_About this task_: Every record below should be written out exactly; pictures stay out.

(Image-caption web data)
◆ ◆ ◆ ◆ ◆

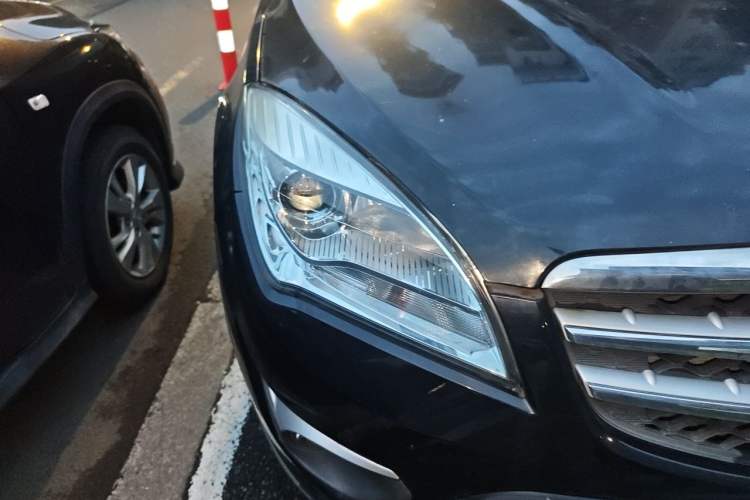 Used CHANGAN CS35 2015 1.6L Manual Luxury Model China IV Standard Right Front Headlight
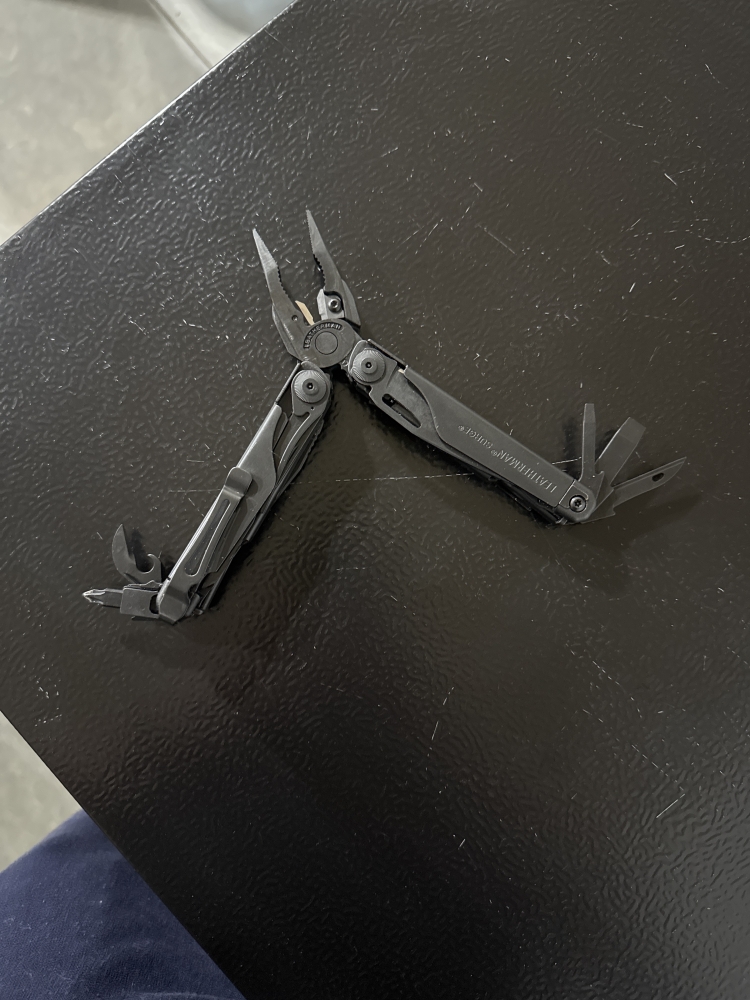 Leatherman surge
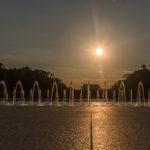 Sonnenuntergang über dem World War II - Memorial in Washington DC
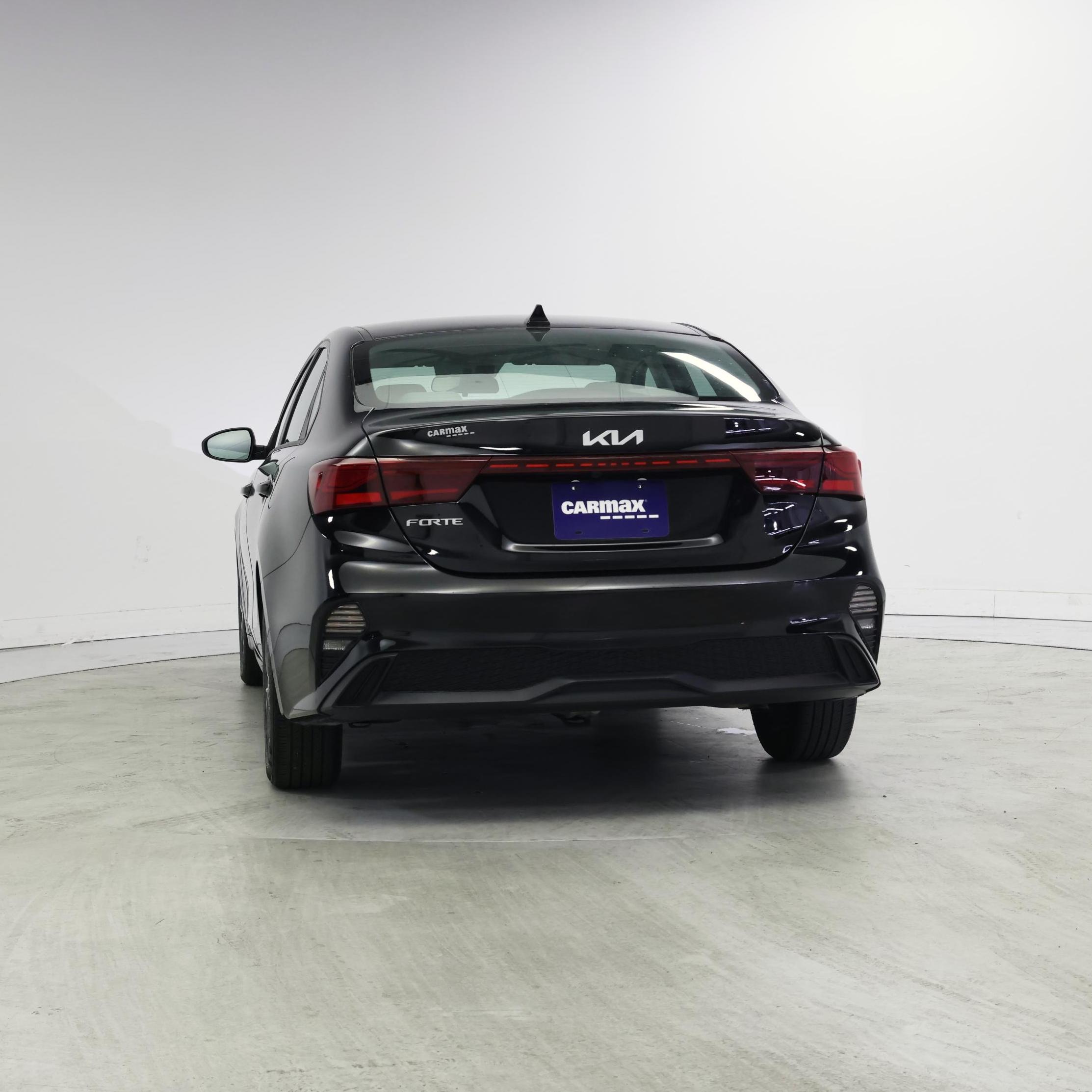 Thumbnail: 2022 Kia Forte - 6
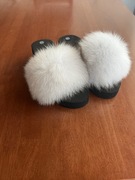 Klapki na koturnie z futerkiem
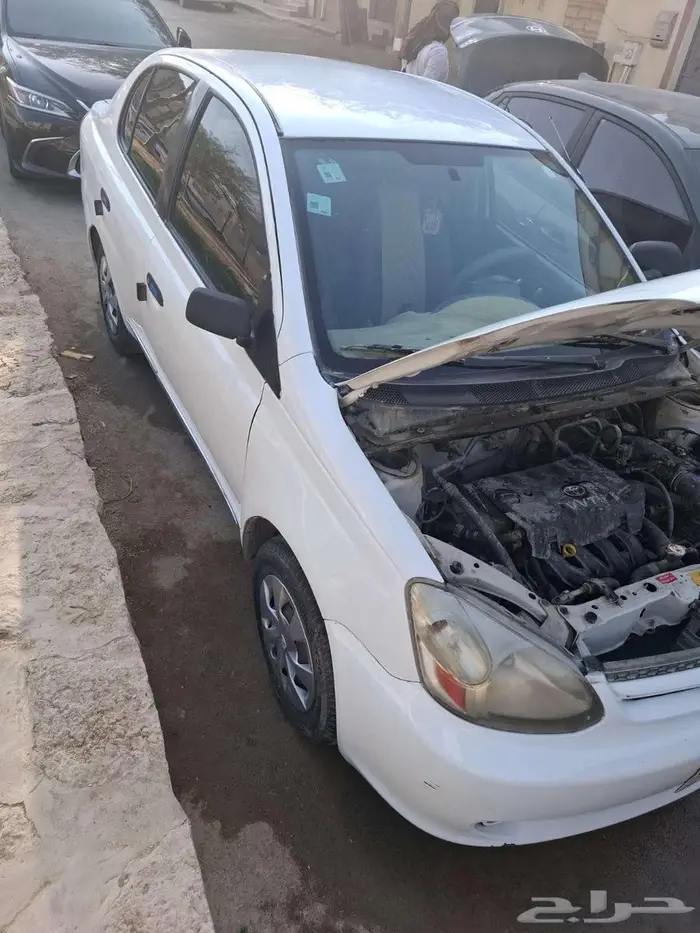 تايوتا ايكو 2003 1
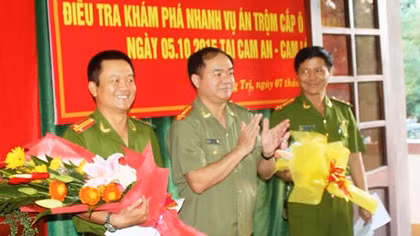 Thưởng nóng lực lượng vây bắt đối tượng trộm ô tô trốn vào rừng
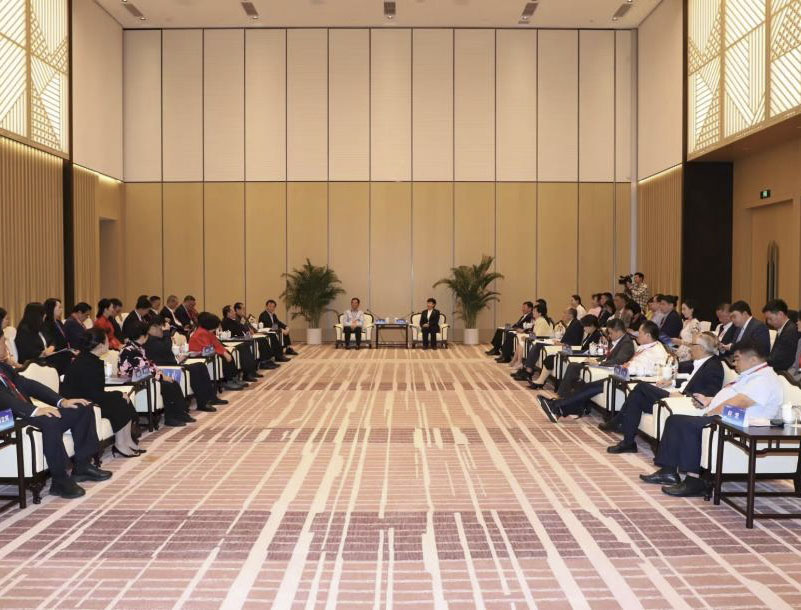 中国侨商投资（海南）大会世界侨商海南行（一）活动在海南举办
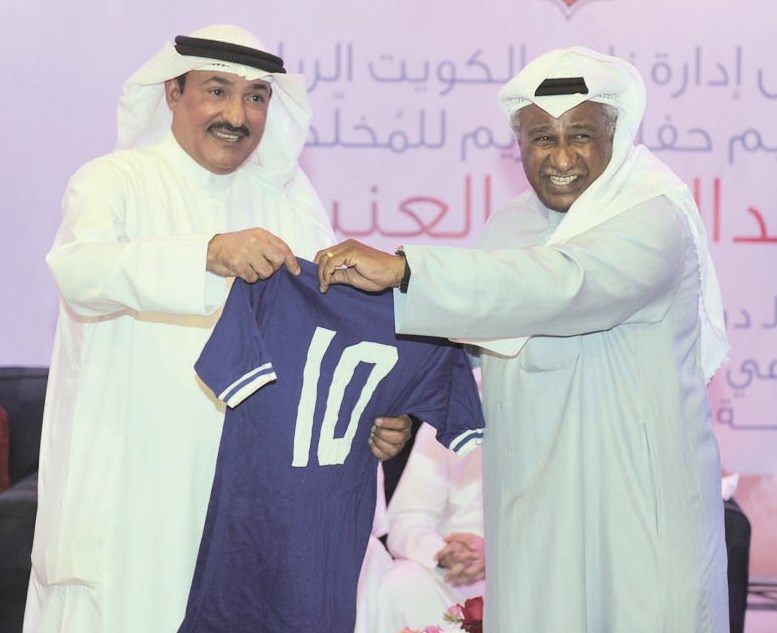 الحوطي يهدي العنبري فانيلة «الأزرق»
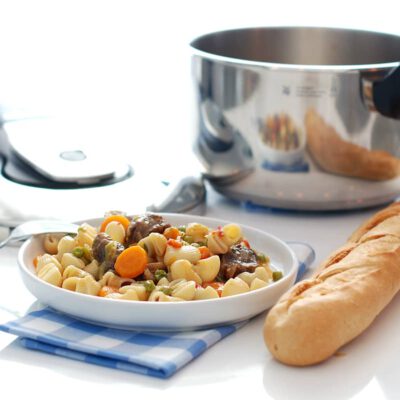Guiso de ternera con pasta, en olla rápida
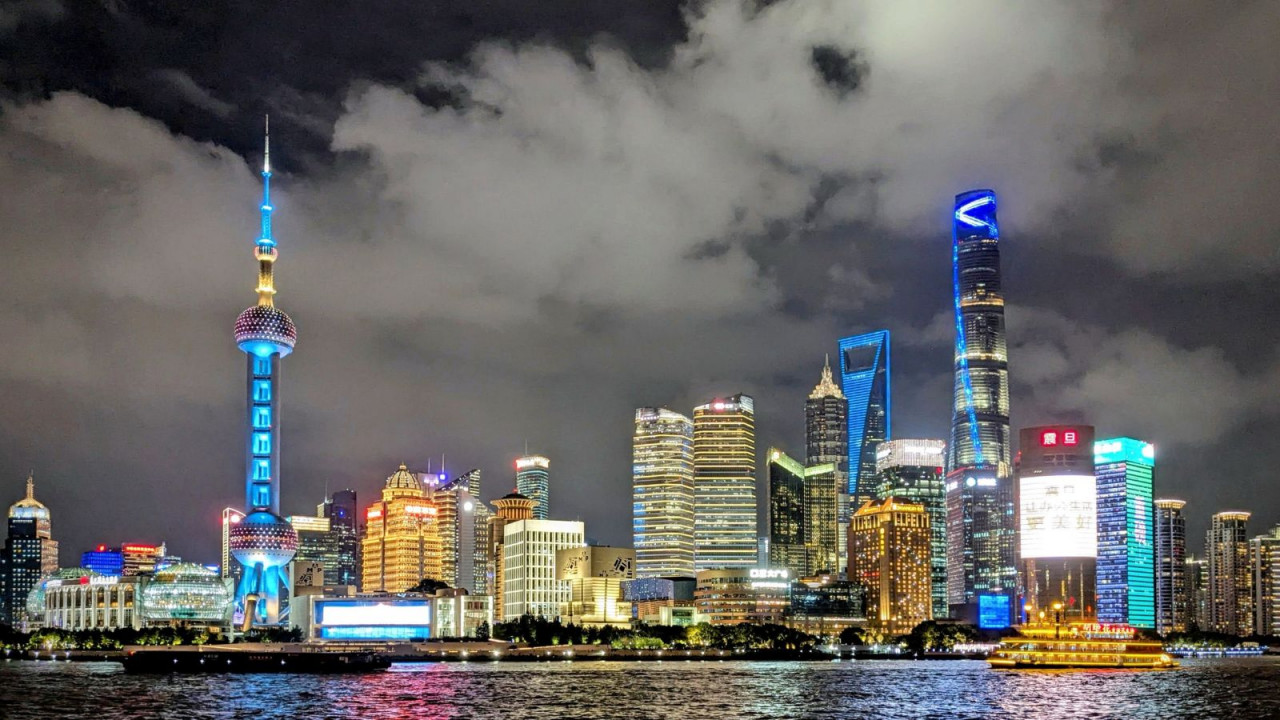 Cina: emissioni di CO2 stabili o in calo da 18 mesi grazie a rinnovabili ed EV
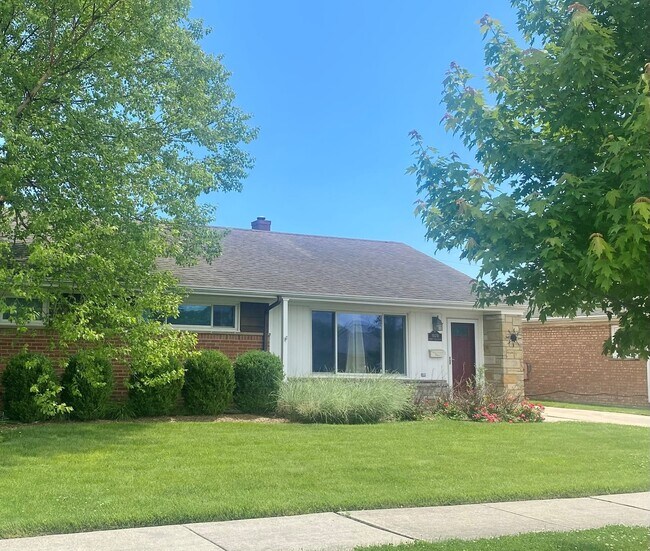 1029 W Villa Dr, Des Plaines, IL 60016 House Rental in Des Plaines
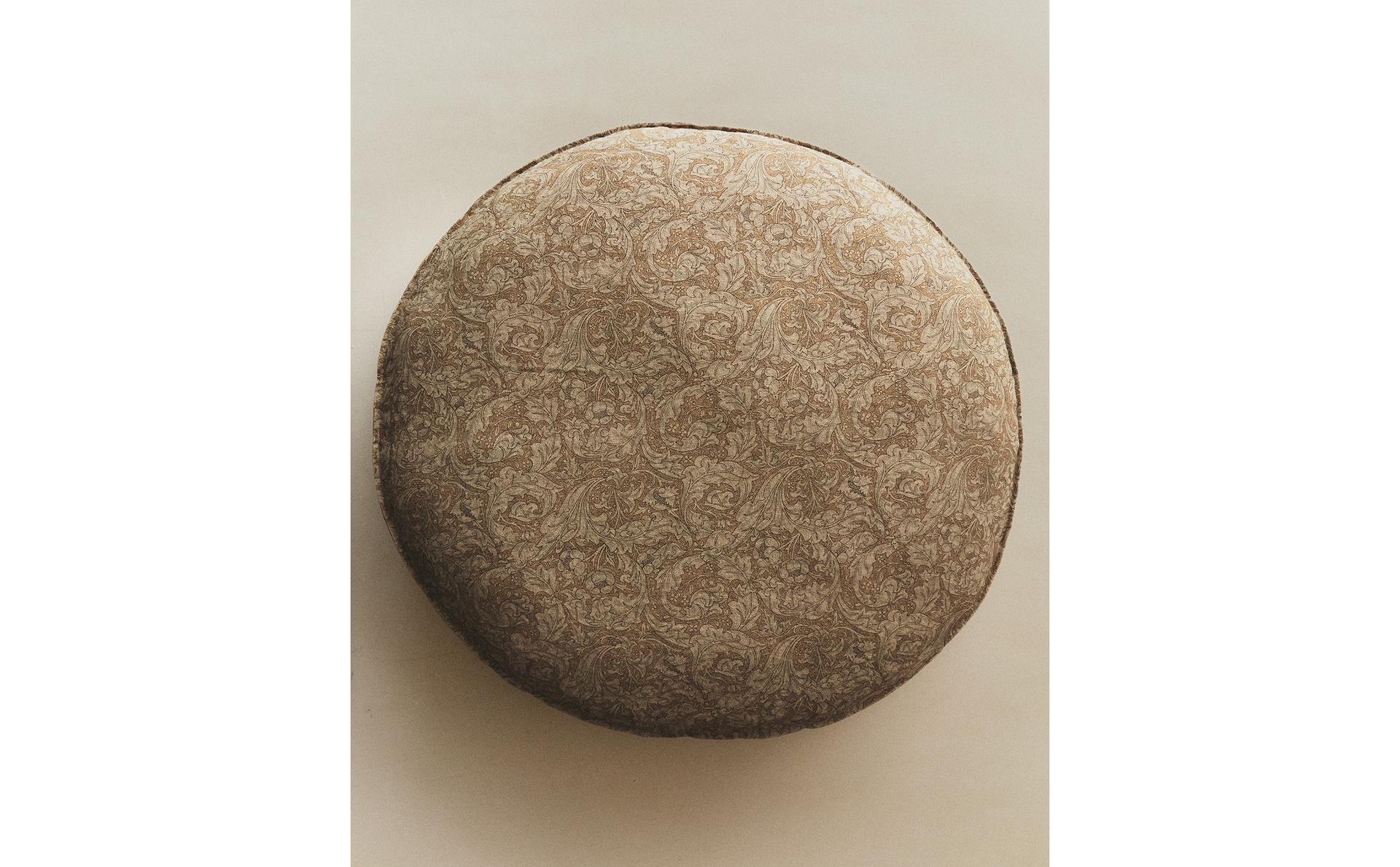 MORRIS & CO. HEMP AND COTTON PET FLOOR CUSHION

◆ ◆ ◆ ◆ ◆

_Reply to the task_:
 Used CHANGAN CS35 2015 1.6L Manual Luxury Model China IV Standard Right Front Headlight
 Leatherman surge
 Sonnenuntergang über dem World War II - Memorial in Washington DC
 Thumbnail: 2022 Kia Forte - 6
 Klapki na koturnie z futerkiem
 تايوتا ايكو 2003 1
 Thưởng nóng lực lượng vây bắt đối tượng trộm ô tô trốn vào rừng
 中国侨商投资（海南）大会世界侨商海南行（一）活动在海南举办
 الحوطي يهدي العنبري فانيلة «الأزرق»
Guiso de ternera con pasta, en olla rápida
 Cina: emissioni di CO2 stabili o in calo da 18 mesi grazie a rinnovabili ed EV
 1029 W Villa Dr, Des Plaines, IL 60016 House Rental in Des Plaines
 MORRIS & CO. HEMP AND COTTON PET FLOOR CUSHION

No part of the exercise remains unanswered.